Mas Musk tirou-lhe o tapete ao apoiar Tommy Robinson, um dos membros da direita radical com maior visibilidade no Reino Unido que está a cumprir uma pena de prisão de 18 meses depois de ter admitido estar a desrespeitar o tribunal ao repetir falsas acusações sobre um refugiado sírio. Dois dias depois, Musk afirmava: "O Partido Reformista precisa de um novo líder.
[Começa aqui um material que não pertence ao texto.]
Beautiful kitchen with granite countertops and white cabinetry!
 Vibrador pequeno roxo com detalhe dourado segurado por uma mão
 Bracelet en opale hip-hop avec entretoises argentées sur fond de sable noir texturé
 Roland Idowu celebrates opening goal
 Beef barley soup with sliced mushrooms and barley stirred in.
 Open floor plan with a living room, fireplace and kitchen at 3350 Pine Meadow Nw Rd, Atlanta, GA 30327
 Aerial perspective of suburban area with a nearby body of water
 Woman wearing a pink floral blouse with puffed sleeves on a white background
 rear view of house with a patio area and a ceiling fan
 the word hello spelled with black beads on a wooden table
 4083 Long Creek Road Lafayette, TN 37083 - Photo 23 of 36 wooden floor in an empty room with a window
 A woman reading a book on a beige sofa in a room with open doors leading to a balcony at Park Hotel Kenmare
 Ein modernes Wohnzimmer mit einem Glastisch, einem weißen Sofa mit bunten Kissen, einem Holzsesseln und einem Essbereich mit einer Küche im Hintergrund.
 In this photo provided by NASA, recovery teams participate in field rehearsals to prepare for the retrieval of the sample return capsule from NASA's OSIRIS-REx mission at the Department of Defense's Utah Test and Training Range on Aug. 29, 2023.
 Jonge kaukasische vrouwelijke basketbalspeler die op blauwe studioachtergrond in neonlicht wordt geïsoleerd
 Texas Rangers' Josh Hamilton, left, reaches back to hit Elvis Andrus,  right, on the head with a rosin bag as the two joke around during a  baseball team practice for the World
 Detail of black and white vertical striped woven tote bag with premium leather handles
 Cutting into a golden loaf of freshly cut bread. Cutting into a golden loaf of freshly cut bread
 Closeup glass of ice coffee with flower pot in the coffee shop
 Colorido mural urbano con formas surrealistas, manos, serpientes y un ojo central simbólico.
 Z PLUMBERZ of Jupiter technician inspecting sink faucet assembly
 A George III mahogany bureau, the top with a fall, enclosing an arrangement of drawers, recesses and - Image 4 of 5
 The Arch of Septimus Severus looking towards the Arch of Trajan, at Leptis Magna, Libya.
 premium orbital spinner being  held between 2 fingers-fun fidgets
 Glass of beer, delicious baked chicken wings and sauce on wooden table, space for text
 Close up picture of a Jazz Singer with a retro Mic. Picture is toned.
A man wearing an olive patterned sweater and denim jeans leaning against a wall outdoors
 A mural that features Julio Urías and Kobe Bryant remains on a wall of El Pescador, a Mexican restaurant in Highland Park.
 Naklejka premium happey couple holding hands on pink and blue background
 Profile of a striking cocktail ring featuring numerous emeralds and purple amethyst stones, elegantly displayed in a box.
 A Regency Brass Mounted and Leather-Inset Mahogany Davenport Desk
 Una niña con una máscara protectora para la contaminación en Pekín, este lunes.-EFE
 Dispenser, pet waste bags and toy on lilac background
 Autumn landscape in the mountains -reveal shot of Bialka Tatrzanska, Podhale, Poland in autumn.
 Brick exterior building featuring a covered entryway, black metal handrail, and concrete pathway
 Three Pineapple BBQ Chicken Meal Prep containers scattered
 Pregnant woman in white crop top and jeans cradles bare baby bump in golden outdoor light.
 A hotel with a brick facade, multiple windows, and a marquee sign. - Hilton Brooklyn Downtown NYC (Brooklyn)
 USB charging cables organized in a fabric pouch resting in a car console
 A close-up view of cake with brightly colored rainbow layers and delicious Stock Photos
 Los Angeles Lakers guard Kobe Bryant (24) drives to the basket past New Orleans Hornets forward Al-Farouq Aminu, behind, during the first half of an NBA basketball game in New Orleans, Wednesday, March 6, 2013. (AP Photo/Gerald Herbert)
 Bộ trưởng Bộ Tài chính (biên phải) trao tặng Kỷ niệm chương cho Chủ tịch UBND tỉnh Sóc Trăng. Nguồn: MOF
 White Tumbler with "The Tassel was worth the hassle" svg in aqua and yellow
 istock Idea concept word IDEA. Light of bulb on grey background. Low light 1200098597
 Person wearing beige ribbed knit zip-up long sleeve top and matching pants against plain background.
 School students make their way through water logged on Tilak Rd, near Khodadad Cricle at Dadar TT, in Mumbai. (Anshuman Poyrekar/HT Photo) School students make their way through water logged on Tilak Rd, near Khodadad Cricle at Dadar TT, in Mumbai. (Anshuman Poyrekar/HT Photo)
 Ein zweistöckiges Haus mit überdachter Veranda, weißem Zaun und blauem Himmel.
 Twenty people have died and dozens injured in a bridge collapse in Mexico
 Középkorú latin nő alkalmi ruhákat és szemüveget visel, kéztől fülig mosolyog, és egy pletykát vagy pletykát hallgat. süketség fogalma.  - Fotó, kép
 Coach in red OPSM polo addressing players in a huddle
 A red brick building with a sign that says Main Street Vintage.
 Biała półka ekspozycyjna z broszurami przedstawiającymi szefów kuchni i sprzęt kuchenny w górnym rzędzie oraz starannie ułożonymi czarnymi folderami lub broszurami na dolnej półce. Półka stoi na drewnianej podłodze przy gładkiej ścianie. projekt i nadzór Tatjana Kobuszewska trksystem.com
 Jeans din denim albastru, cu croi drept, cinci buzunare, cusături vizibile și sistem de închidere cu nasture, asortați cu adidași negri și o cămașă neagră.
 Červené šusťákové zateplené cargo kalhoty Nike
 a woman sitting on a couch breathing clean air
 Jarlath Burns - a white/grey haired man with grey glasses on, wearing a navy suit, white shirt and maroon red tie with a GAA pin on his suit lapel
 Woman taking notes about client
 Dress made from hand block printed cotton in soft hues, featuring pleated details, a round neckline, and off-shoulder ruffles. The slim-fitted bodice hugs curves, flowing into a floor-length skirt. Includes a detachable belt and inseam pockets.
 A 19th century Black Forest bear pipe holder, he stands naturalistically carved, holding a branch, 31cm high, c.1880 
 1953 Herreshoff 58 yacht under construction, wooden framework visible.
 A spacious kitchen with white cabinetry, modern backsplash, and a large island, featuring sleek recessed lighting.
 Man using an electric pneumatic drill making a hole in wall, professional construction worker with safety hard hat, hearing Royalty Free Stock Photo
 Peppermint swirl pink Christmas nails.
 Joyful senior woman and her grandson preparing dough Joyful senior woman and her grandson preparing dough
Farage não tem o que é preciso".

A reação do Governo

A ministra do Interior britânica, Yvette Cooper, afirmou na segunda-feira que o Reino Unido vai endurecer a lei sobre o abuso e a exploração sexual de crianças, na sequência das acusações feitas ao seu governo. Yvette Cooper afirmou que o governo britânico irá também legislar no sentido de tornar o grooming um fator agravante nos crimes de abuso sexual de crianças e introduzir uma base de dados única sobre abuso de crianças. "Todos nós temos a responsabilidade de proteger as nossas crianças. Os autores dos crimes devem ser punidos e julgados e as vítimas e sobreviventes devem ser protegidos e apoiados", acrescentou Cooper.

Foi igualmente anunciada a criação de um painel de vítimas e sobreviventes para trabalhar com o governo no desenvolvimento de propostas e planos, além do Relatório Independente aos Abusos de Menores publicado em 2022, cujas recomendações não foram implementadas até à data.